The 2017 Nordic and Baltic Stata Users Group meeting will be held at the Karolinska Institutet in Stockholm on 1 September 2017.
This meeting will provide Stata users the opportunity to exchange ideas, experiences, and information on new applications of Stata. Representatives from StataCorp—David Drukker, Executive Director of Econometrics, and Jeff Pitblado, Executive Director of Statistical Software—will attend, and there will be the usual "Wishes and grumbles" session, at which you may air your thoughts to Stata developers. Everyone who is interested in using Stata is welcome.
Welcome and introduction
stcrmix: A Stata command for fitting mixed competing-risks proportional hazards models
Abstract: I present a new Stata command, stcrmix, that can fit competing-risks models with unobserved heterogeneity, for example, the mixed competing-risks proportional hazard model. I show in particular how to use stcrmix to fit the so-called timing-of-events model. stcrmix closely follows the implementation of the model by Gaure et al. (Journal of Econometrics 2007) and from their crmph R-package. The mixing distribution is approximated by a discrete distribution and the model is fit by the nonparametric maximum-likelihood estimator (NPMLE). For a given number of heterogeneity points, a new set of points that improve the likelihood function is added. Then the likelihood function is maximized with respect to the whole set of parameters.
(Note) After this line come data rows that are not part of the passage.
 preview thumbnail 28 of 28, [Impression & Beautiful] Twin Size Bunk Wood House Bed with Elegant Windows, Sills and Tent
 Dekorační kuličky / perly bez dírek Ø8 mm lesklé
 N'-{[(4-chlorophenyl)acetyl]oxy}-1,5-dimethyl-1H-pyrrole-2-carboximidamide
The procedure is repeated until there is no further improvement in the likelihood. I present the model and the estimation method, where I cover the likelihood function and how to find new candidates for heterogeneity points. I then present the syntax of the command. I show how to set up the data to fit the timing-of-events model, and I show an example, based on simulated data, of how to fit the model. Finally, I present results from Monte-Carlo simulations and discuss other uses of the command.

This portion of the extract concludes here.